DATA TO EXAMINE:
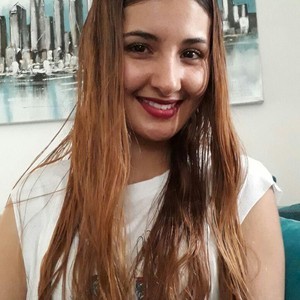 MaryPink naked before webcam in live porn chat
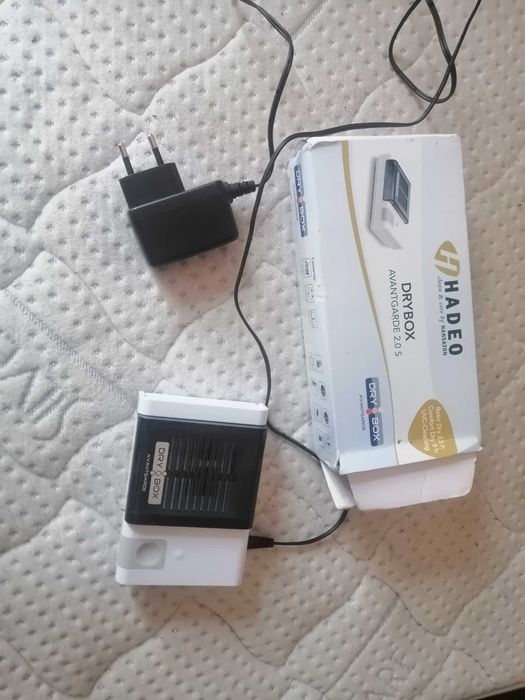 Elektryczny osuszacz do aparatów słuchowych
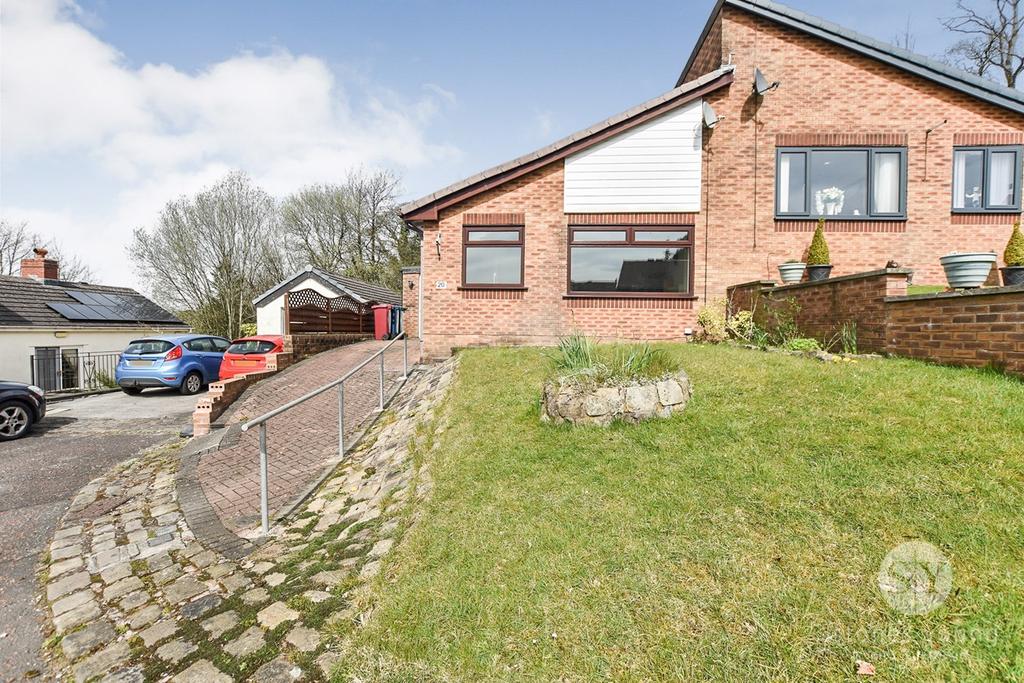 Station Close, Wilpshire, Blackburn, BB1 2 bed bungalow £170,000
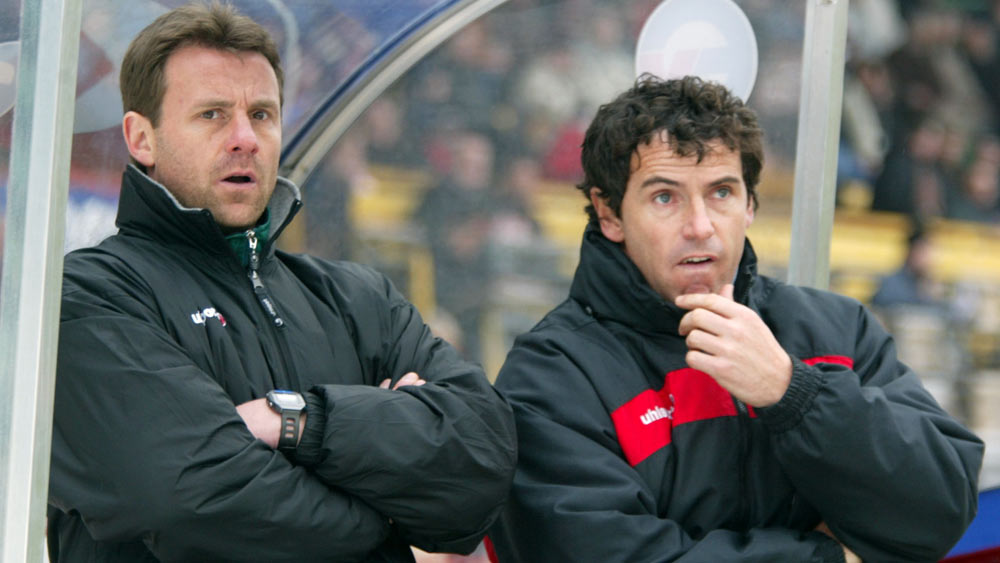Viele Vereine in der Region hat Lars Schmidt (rechts) schon trainiert. Am höchsten trainierte Schmidt (Archivbild von 2004) bei Kickers Offenbach. In der damals drittklassigen Regionalliga Süd assistierte ihm Manfred Binz. (Foto: Eyßen) Viktoria: Lars Schmidt folgt auf Jochen Dewitz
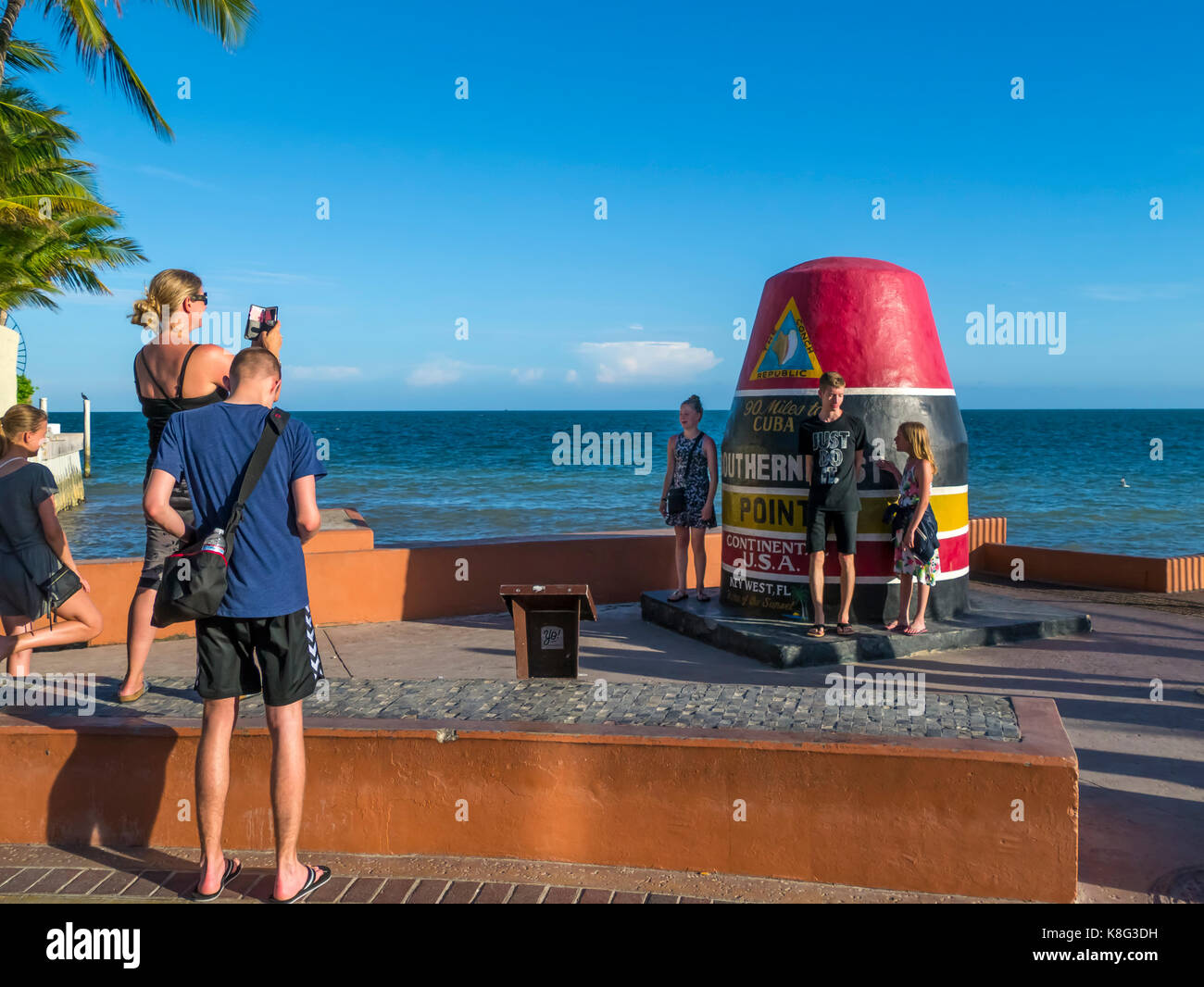 Leute, die Bilder am südlichsten Punkt Boje in Key West Florida ist der südlichste Punkt der kontinentalen USA Stockfoto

DESCRIPTION OF THE TASK: Output the records verbatim without pictures.

WRITTEN ANSWER:
 MaryPink naked before webcam in live porn chat
 Elektryczny osuszacz do aparatów słuchowych
 Station Close, Wilpshire, Blackburn, BB1 2 bed bungalow £170,000
Viele Vereine in der Region hat Lars Schmidt (rechts) schon trainiert. Am höchsten trainierte Schmidt (Archivbild von 2004) bei Kickers Offenbach. In der damals drittklassigen Regionalliga Süd assistierte ihm Manfred Binz. (Foto: Eyßen) Viktoria: Lars Schmidt folgt auf Jochen Dewitz
 Leute, die Bilder am südlichsten Punkt Boje in Key West Florida ist der südlichste Punkt der kontinentalen USA Stockfoto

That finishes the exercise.